Le skateboard est un sport qui ne s’enseigne pas, prétendent plusieurs de ses adeptes. La skateuse Annie Guglia, qui a elle-même appris par essais et erreurs en regardant les autres rouler, est d’avis contraire. Depuis quatre ans, elle offre des leçons de skate. Et des leçons de vie aussi.

« Le skate est un sport difficile physiquement, psychologiquement et émotionnellement, dit-elle. Tu peux essayer un truc pendant cinq mois avant de le réussir. Ça prend de la persévérance. Pour 100 échecs, 1 succès. Quand un jeune progresse, qu’il réussit, c’est très gratifiant. Je le vois comme un bel outil de développement. »

Gagnante de la compétition Jackalope en août, Annie Guglia, 28 ans, est une athlète de renommée mondiale.
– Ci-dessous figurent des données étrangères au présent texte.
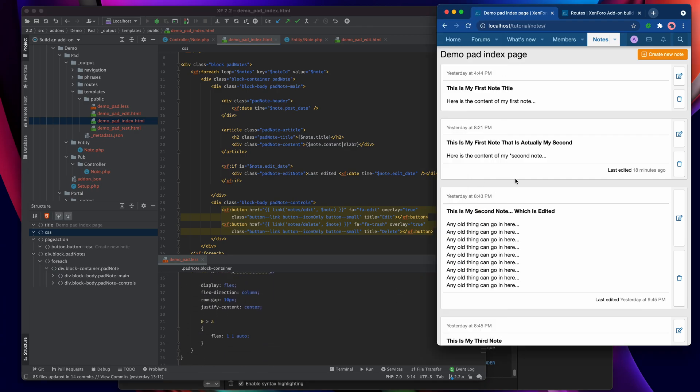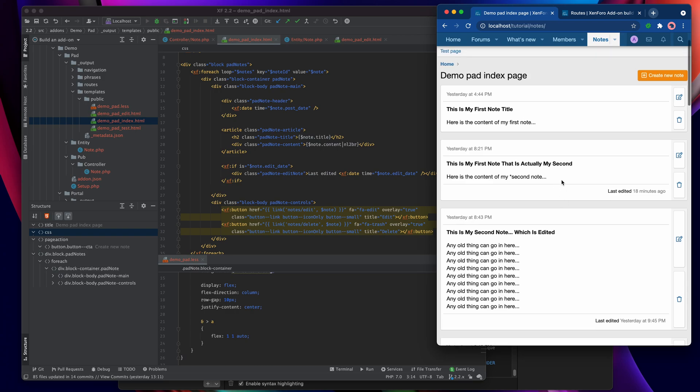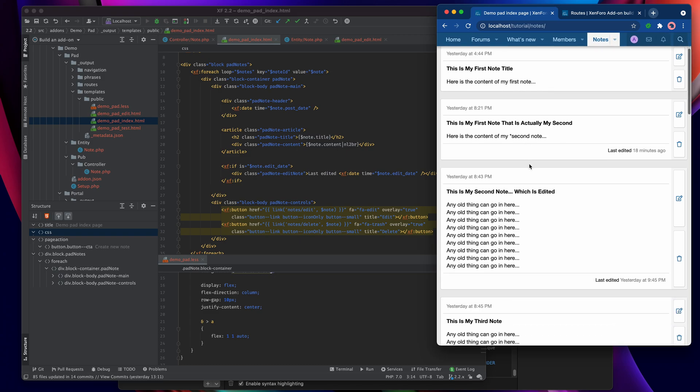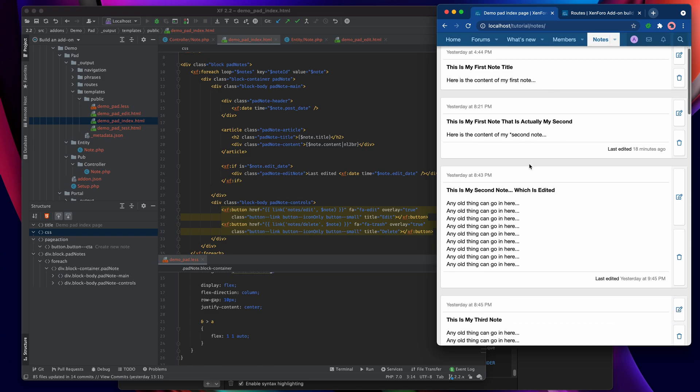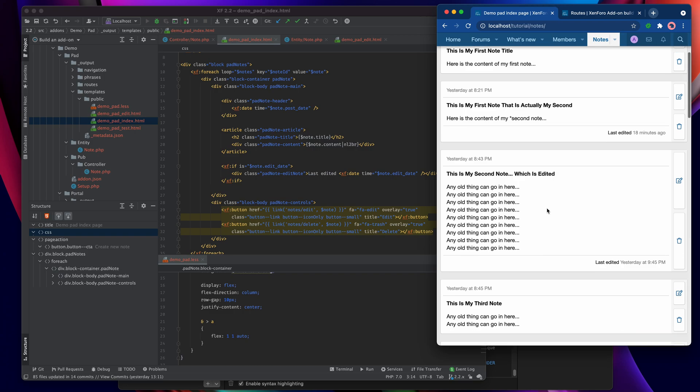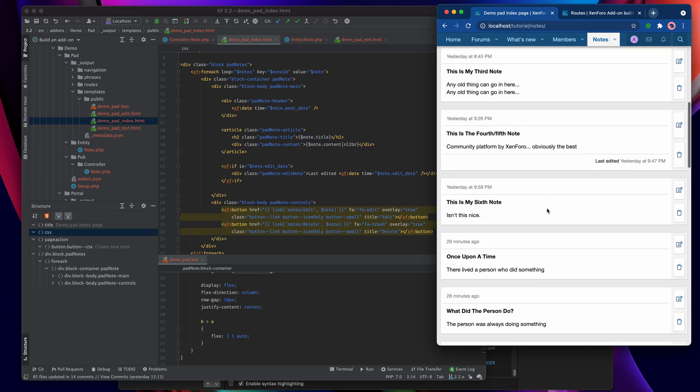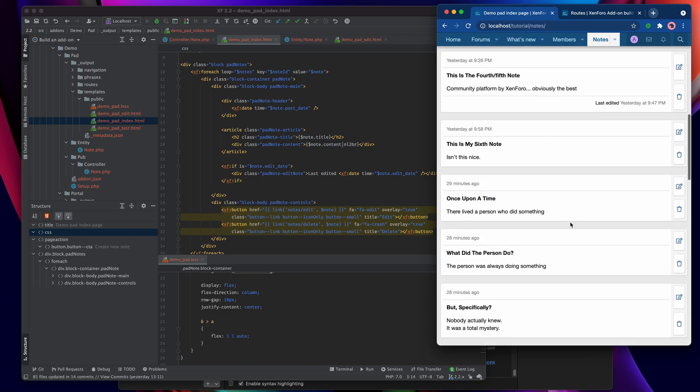What I've also done is I've changed the sort order of the posts from post date descending which made it newest first, into post date ascending, so that the first post is at the top and the last post is at the bottom. I've gone ahead and I've added a bunch of extra posts.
Elle sera d’ailleurs de la compétition internationale Empire Am Getting Paid, ce week-end au Taz de Montréal. L’an dernier, elle était la seule femme inscrite parmi les hommes. 

« Cette année, ils ont ajouté un volet féminin et les bourses offertes seront les mêmes. » Elle se réjouit de cette ouverture, de cette place que prennent peu à peu les femmes dans le sport. C’est son dada.

Les filles d’abord

Cette année, elle a initié autour de 500 filles au skateboard lors de journées d’initiation qu’elle a animées. « Le skateboard est un milieu masculin, pas parce que c’est une chasse gardée, mais parce que les filles n’osent pas, croit-elle. Elles sont trop gênées, elles ont peur parce qu’elles sont déjà tombées. Est-ce qu’on arrête le ski alpin après une chute ? Je leur montre à y aller à leur rythme. Le but n’est pas de faire une secte de skateuses. Après avoir brisé la glace avec moi, j’espère qu’elles oseront fréquenter les skateparks. »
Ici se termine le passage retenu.